CCTV gone wild
Western firms have never been as comfortable in China as in, say, the Cayman Islands or BVI. Beyond the obvious reasons to prefer Caribbean jurisdictions (Indo-Trinidadian cuisine, syntactic diversity of Virgin Islands Creole dialects), some say they are also “business friendly” – never to be taken for granted in China. Take Microsoft’s China boss, who this week gave a full review of his company’s experience in China. On the plus side was stronger IP enforcement; but Beijing’s ban on X-boxes didn’t help. “They also consistently overcook my eggs, even though that’s like, you know, usually a pretty safe choice,” he added, apparently throwing in a review of the Lanzhou la mian joint two blocks from the firm’s Beijing campus. Foreign firms also gripe about the ritual whippings assigned by lottery on March 15. For the thaumatologically ignorant, this date is known as “Consumer Rights Day,” when China’s state media solemnly fulfill their priestly obligations to sacrifice foreign firms and appease the devilishly inscrutable gods of Zhongnanhai. This week it was the turn of McDonald’s and Carrefour, exposed for McNugget malfeasance and chicken mislabeling, respectively. There was much weeping and gnashing of teeth at Carrefour, which no doubt remembered when the vicars in Chongqing turned their anger on Wal-Mart. McDonald’s also said sorry, but let’s face it: getting worked up about a couple of cool nuggets at Mickey D’s is like accusing the BVI of lacking corporate social responsibility laws – you need to seriously think about why you’re there.
Of back rubs and Communist sing-alongs
The training wheels are off and that young whippersnapper-in-waiting Xi Jinping has shown he can bandy about rhetorical doublespeak with the best of them. We at CER were just starting to get over the traumatic sacking of our favorite headline-grabbing Communist crooner Bo Xilai, when Xi had to go and rub MSG in the wound. In what is viewed as a critique of Bo, Xi called in an essay published Friday for party purity, consensus-driven policy making and weekly Politburo back-rub circles (Bo always was anti-back rub). China’s representative to the UN Security Council heard Xi’s message of togetherness and brought his own version of it to world stage. After weeks of holding up the Security Council by blaring Drowning Pool’s “Let the Bodies Hit the Floor,” the Chinese delegate turned off the boom box and joined with other member states to pass a resolution condemning violence in Syria – though a key back-rub-circle provision failed after the sourpuss UK delegate refused to touch his French counterpart. (Russia’s point of information: “Why we needs back-rub circle?

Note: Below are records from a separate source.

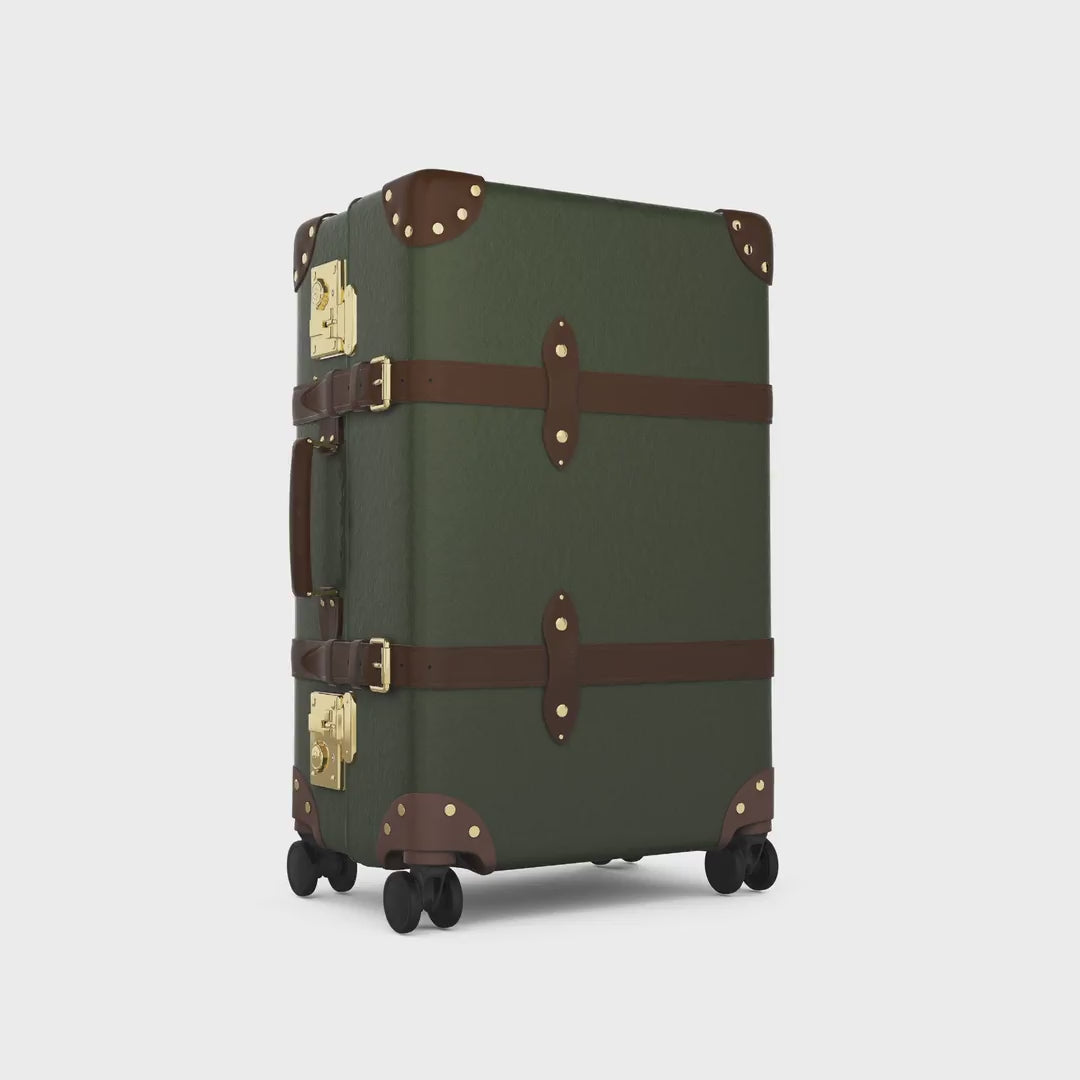 Centenary · Medium Check-In - 4 Wheels | Green/Brown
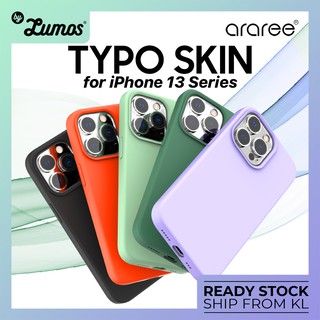 Araree เคสโทรศัพท์มือถือ ซิลิโคนนิ่ม ป้องกัน ผิวเรียบ ลาย TYPOSKIN สําหรับ Apple iPhone 13 13 Mini 13 Pro 13 Pro Max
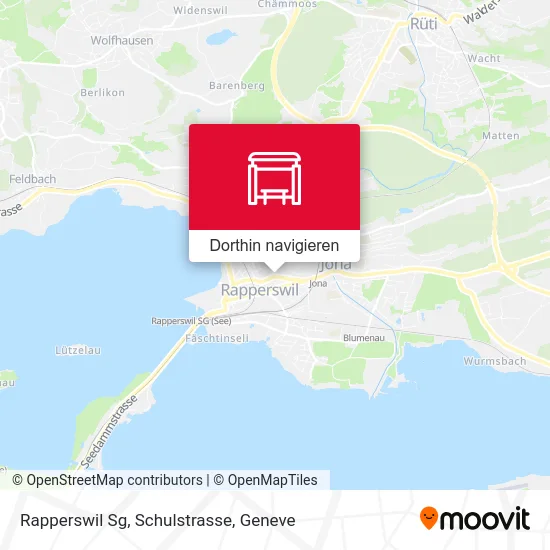 Rapperswil Sg, Schulstrasse Karte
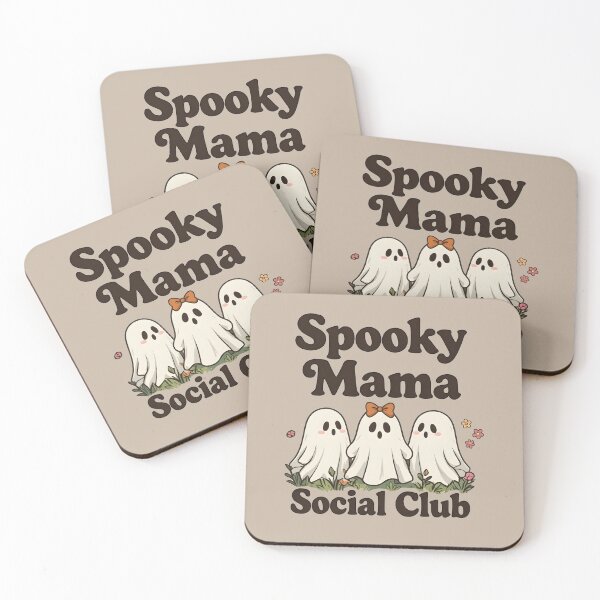 Item preview, Spooky Mama Social Club Retro Halloween Cute Ghosts designed and sold by LuloCreative.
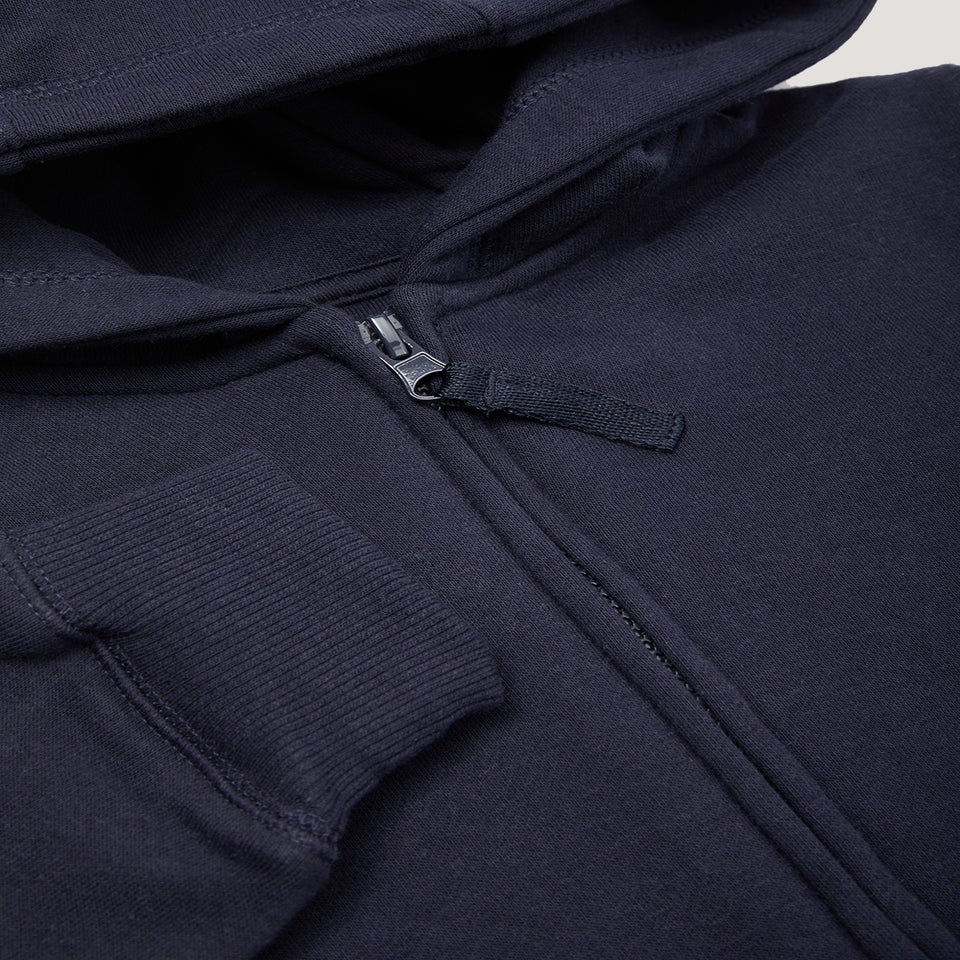 Kids Navy Zip Up School Hoodie (3-13yrs)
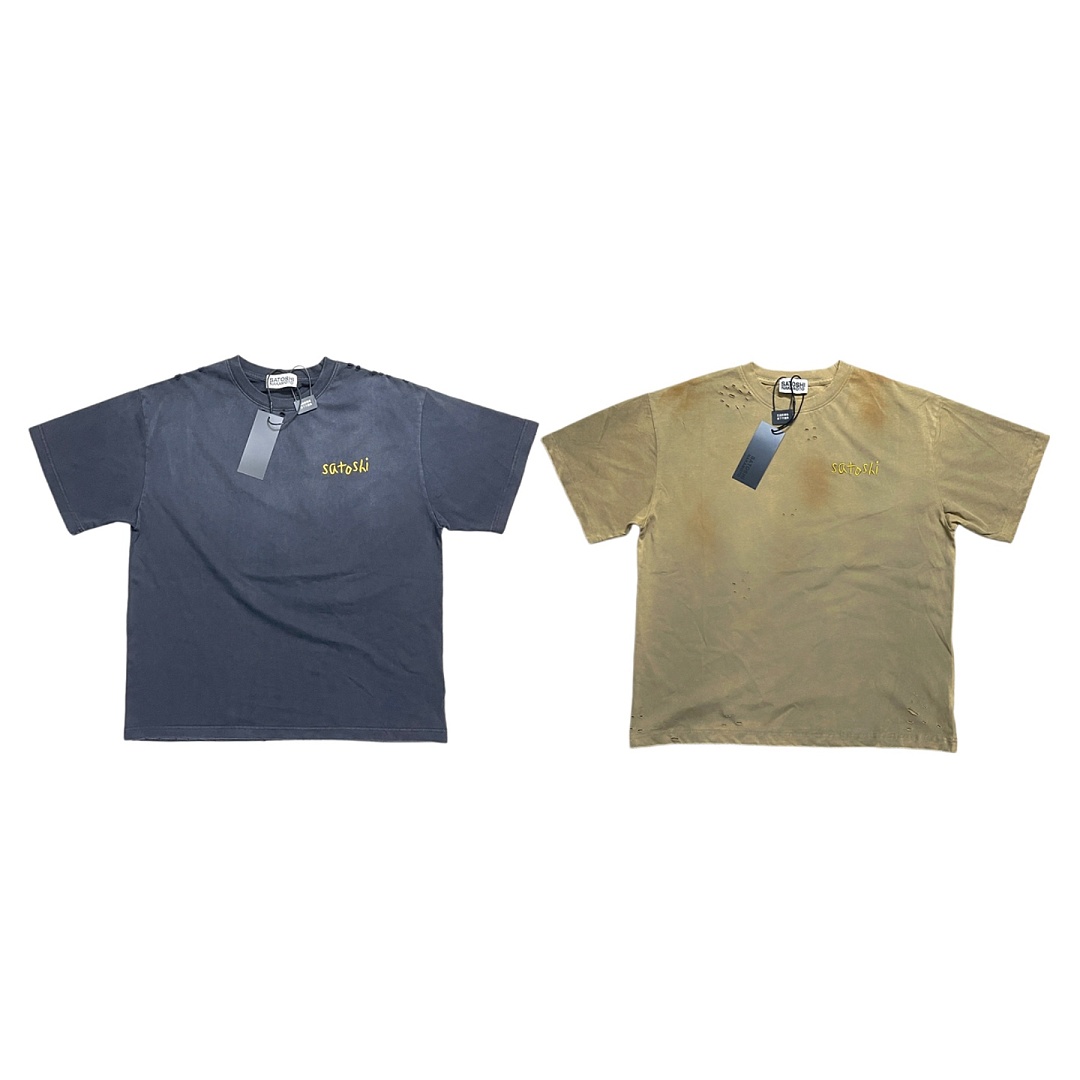 Unbranded 128 Satoshi Nakamoto Chain Stitch Tee Short Sleeve T : Black Coffee S M L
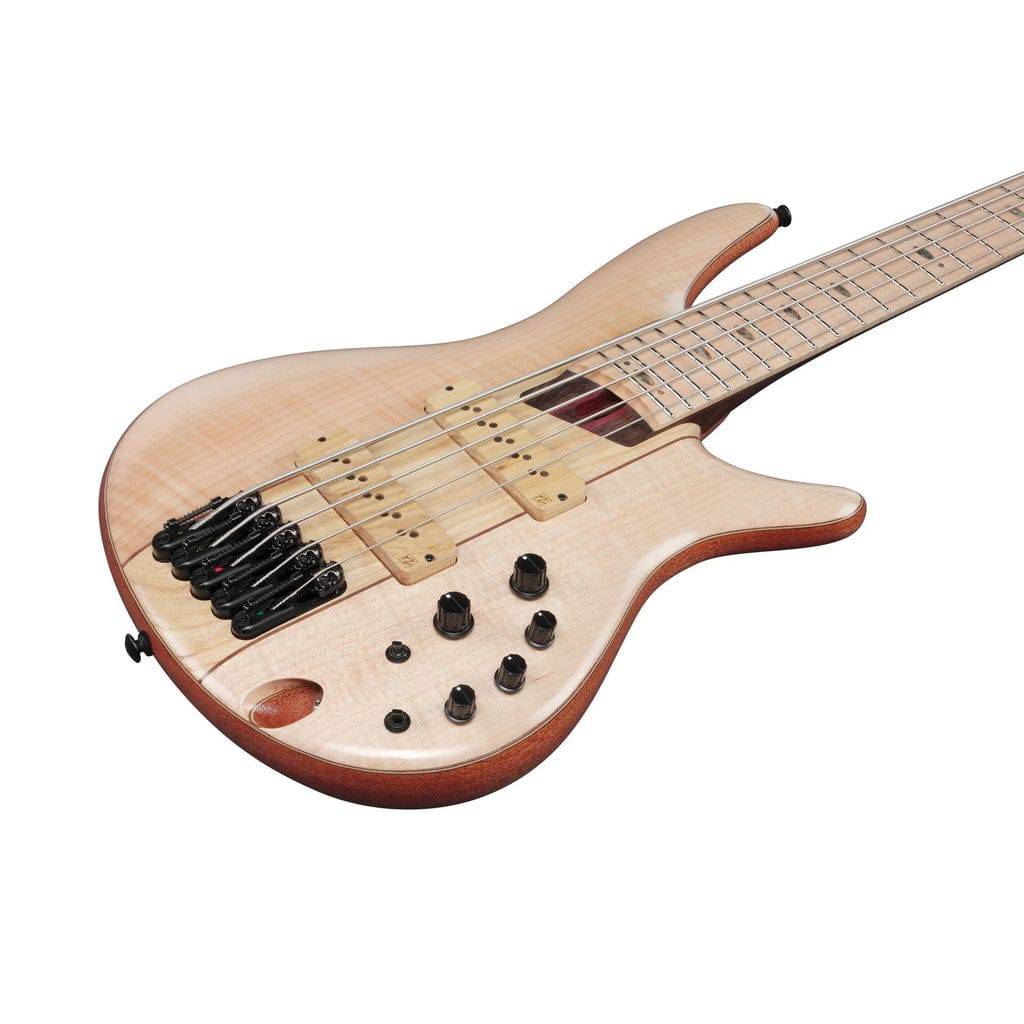 Ibanez Premium SR5FMDX2 5-string Bass Guitar - Natural Low Gloss - Irvine Art And Music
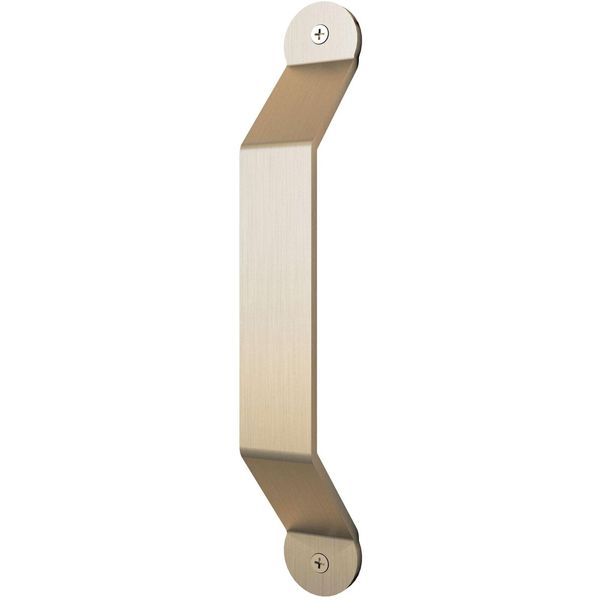 Sliding Door Pull, 10 Inches, Satin Nickel by Stone Harbor Hardware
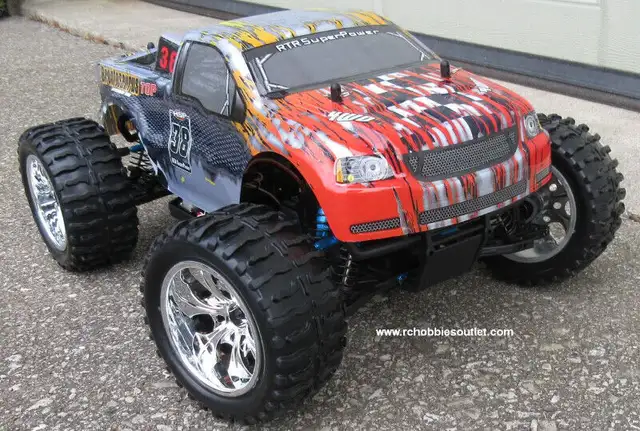 Sale: NEW 1/10 RC TOP2 BRUSHLESS 3S LIPO RC MONSTER TRUCK in Hobbies & Crafts in City of Toronto - Image 4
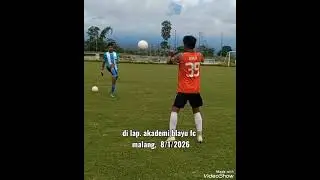 Cuplikan latihan eka kiper u16..dan 26 anak dilap.akademi blayu fc Malang, 8/1/2026. Pagi dan sore.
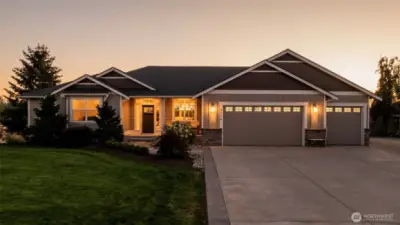 Sunsets are not to be missed at this Home!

In (post-) Communist Russia, back rubs you!”) The UN agreement called for “a democratic, plural political system” – Is this a sign China has strayed too far from its Communist roots? Perhaps Bo should be released from his padded cell to lead us all in some Cultural Revolution-era anthems. But it may be too late for that: An inside source that tells us that Bo’s reeducation has been quite successful, to the point that he is cooking up some new revolutionary songs for his red campaigns. Readers, let us break you off a lil’ preview of this remix:
“The east is red, the sun rises! China has produced Xi Jinping. He is the people’s happiness! Hurrah! He is the people’s great savior!”